- Directed by: Victor Saville
- Written by: Lajos Bíró; Angus MacPhail; Robert Stevenson;
- Based on: Michael and Mary by A. A. Milne
- Produced by: Michael Balcon
- Starring: Herbert Marshall; Edna Best; Frank Lawton;
- Cinematography: Leslie Rowson
- Edited by: Ian Dalrymple
- Music by: Louis Levy
- Production company: Gainsborough Pictures
- Distributed by: Ideal Films Universal Pictures (US)
- Release date: 4 November 1931;
- Running time: 83 minutes
- Country: United Kingdom
- Language: English

= Michael and Mary =

1931 film

Michael and Mary is a 1931 British drama film directed by Victor Saville and starring Elizabeth Allan, Edna Best, Frank Lawton, and Herbert Marshall. This was the first of the Edna Best and Herbert Marshall co-starring talkies. It was adapted by Lajos Bíró, Robert Stevenson and Angus MacPhail from the play of the same name by A.A. Milne. Produced by Gainsborough Pictures, it was shot at the company's Islington Studios in London with sets designed by the art director Alex Vetchinsky.

==Plot==
A young bride is deserted by her husband but finds happiness with another man. They contract a bigamous marriage for the sake of their child.

The first husband turns up and starts blackmailing them. During a quarrel with the second husband, he dies. After some complications, their son learns the truth, but stands by them.

==Cast==
- Herbert Marshall as Michael Rowe
- Edna Best as Mary Rowe
- Frank Lawton as David Rowe
- Elizabeth Allan as Romo
- D.A. Clarke-Smith as Harry Price
- Ben Field as Tullivant
- Margaret Yarde as Mrs. Tullivant
- Sunday Wilshin as Violet Cunliffe

==Reception==
The film was voted the third best British movie of 1932. With a shortened running time of 76 minutes, it was distributed in America by Universal Pictures.

Film Weekly wrote: "The very strong attraction of Michael and Mary is due to a delightful story, almost perfect acting, and clever and sympathetic direction."

Kine Weekly wrote: "This simple love romance, which is adapted from A. A. Milne's successful play, is told with exquisite charm and tenderness, and carries an irresistible general appeal.
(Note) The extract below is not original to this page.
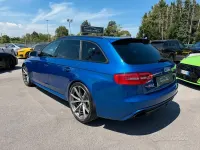 Usata Audi RS4 Ambiente 450 CV (330 kW) 2013 Blu elettrico Station wagon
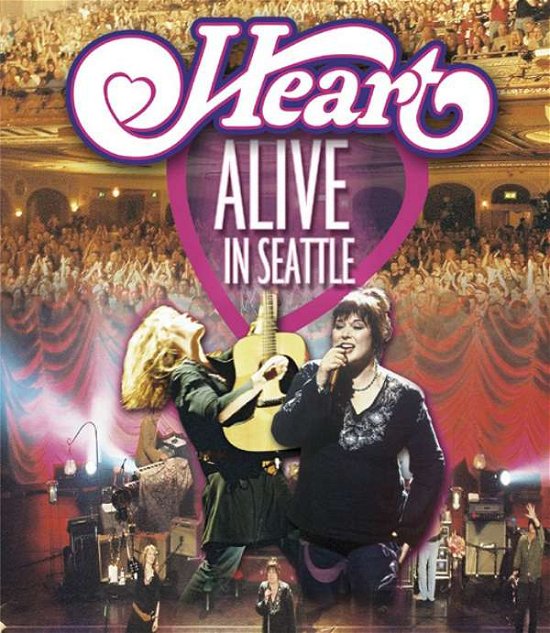 Cover for Heart · Alive in Seattle (DVD) (2017)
The producer, except tor a slight tendency towards slowness in development, handles the theme with sensitiveness and understanding, and cleverly holds the interest as the picture works up to a moving climax, the strength of which lies in its delightful humanity."

==Radio adaptation==
Michael and Mary was presented on the US radio programme Hollywood Sound Stage on 20 March 1952. The 30-minute adaptation starred Deborah Kerr and Herbert Marshall.